A pessoa reconhece, então o sonhar do gambá como um outro aspecto de si mesma, uma vez que, no tempo de sonhar, características animais e humanas eram originalmente ligadas às personalidades dos ancestrais.
Cada espécie de animal representa um estado sentimental subjetivado dos deuses. Apenas no estágio de manifestação do yuti é que o mundo material se divide entre o material e o humano.
Enquanto partilha o sonhar do gambá como seu totem geomântico, a pessoa se encontra automaticamente numa relação de parentesco com todos os irmãos e irmãs da mesma espécie. Por exemplo: um clã se origina do tempo de sonhar de ancestrais dos cangurus, o que significa que todos os componentes do clã tem uma determinada responsabilidade com os cangurus, suas historias, cerimoniais e determinadas localidades de sonhar. “Acredita-se que o espírito de uma determinada espécie do mundo espiritual penetra no mundo material de um ambiente físico.

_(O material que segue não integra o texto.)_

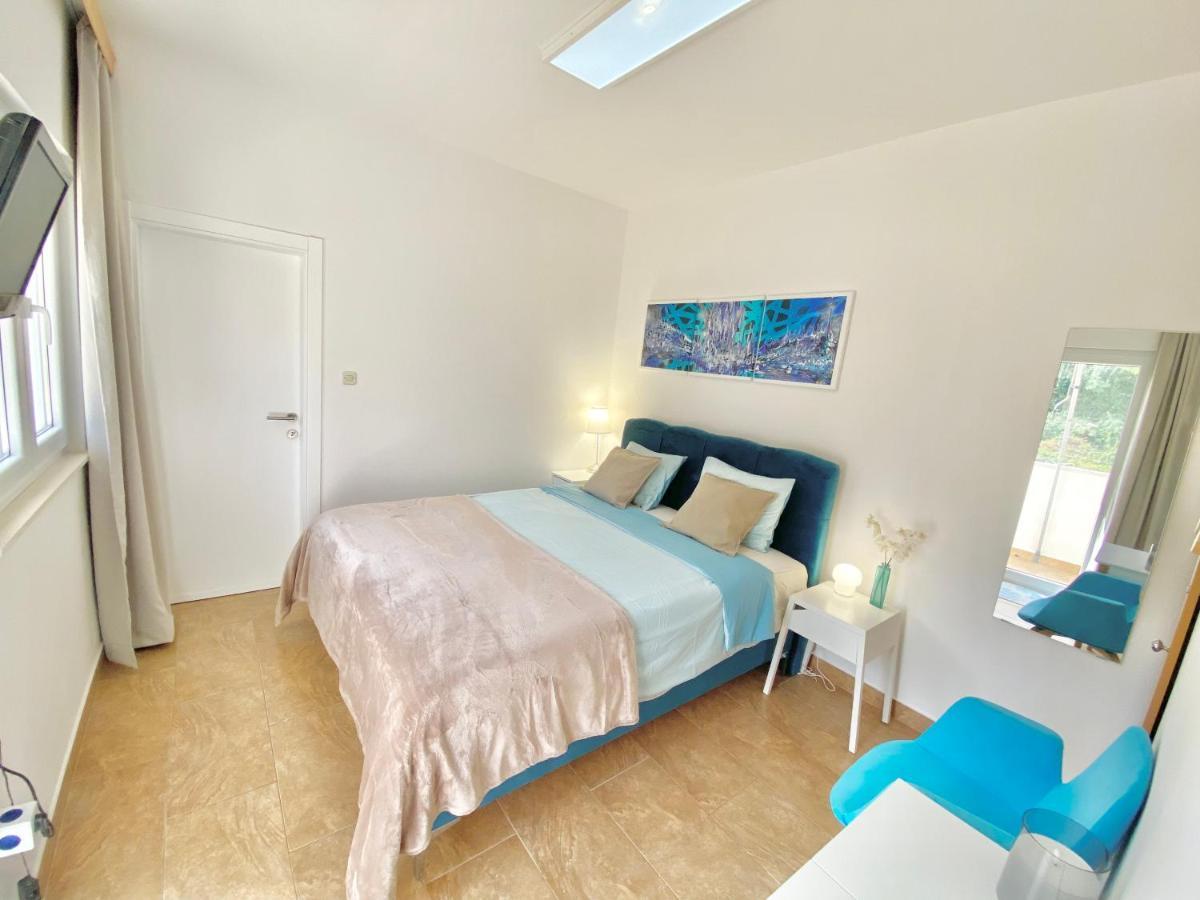 Mamma Mia Apartments-City Center Hvar Town Kültér fotó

A região pertence apropriadamente ao espírito desta espécie, e não ao clã que ele representa. por isso, a sociedade aborígine se entrelaça, desde o seu nascimento, numa rede de geomancia, animismo, totemismo e a experiência da iniciação.” Um novo iniciado aborígine aceita um ponto predeterminado no tecido do caminho do sonhar, que forma a paisagem sagrada como um prolongamento do seu próprio corpo. “Enquanto eles caminham e ampliam o seu conhecimento cultural, a memória e o mundo espacial também são ampliados como um prolongamento de si mesmos. O caminho do sonhar que atravessa a terra corre como suas próprias veias e artérias.” Como no corpo humano, a terra também é considerada indivisível.

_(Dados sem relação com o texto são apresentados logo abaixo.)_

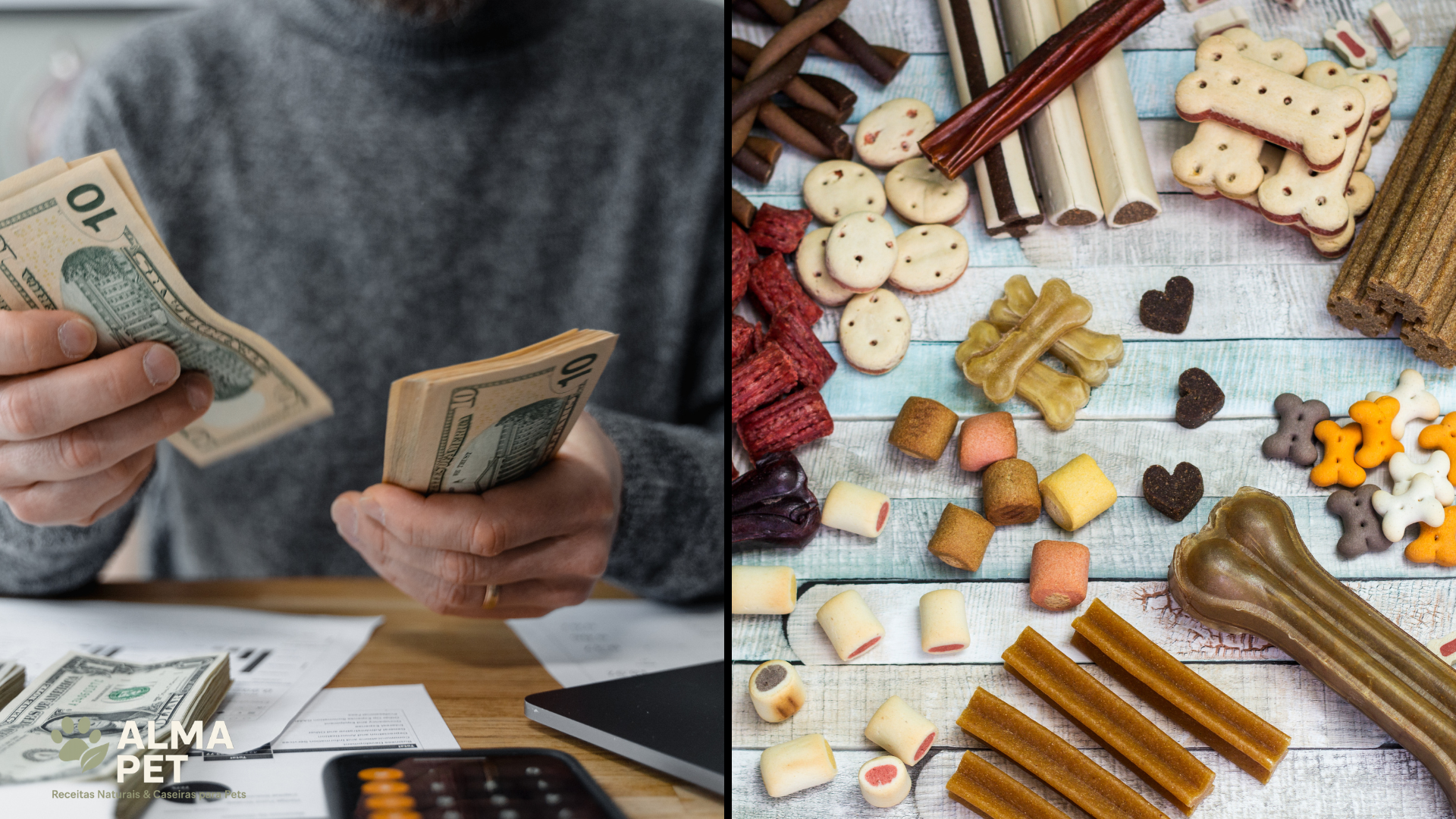 No momento, você está visualizando 💸Como transformar receitas caseiras em uma fonte de renda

O conhecimento mítico interiorizado e sua ilustração topográfica, que é pintada no corpo do aborígine quando da sua iniciação, é o único mapa geográfico da região que eles possuem. ” Do tempo de sonhar também se originou a ligação profunda da geomancia, animismo, parentesco, ritual, espiritualidade e o papel adequado da mulher e do homem na sociedade.
A legitimidade inata dos papéis dos sexos, para os aborígines, se originou dos três campos do tempo de sonhar em que se divide a existência: o campo dos mortos, o campo dos vivos e dos moribundos e o campo dos não-nascidos. O resultado é descrito por Lawlor como “uma cosmologia da energia sexual”.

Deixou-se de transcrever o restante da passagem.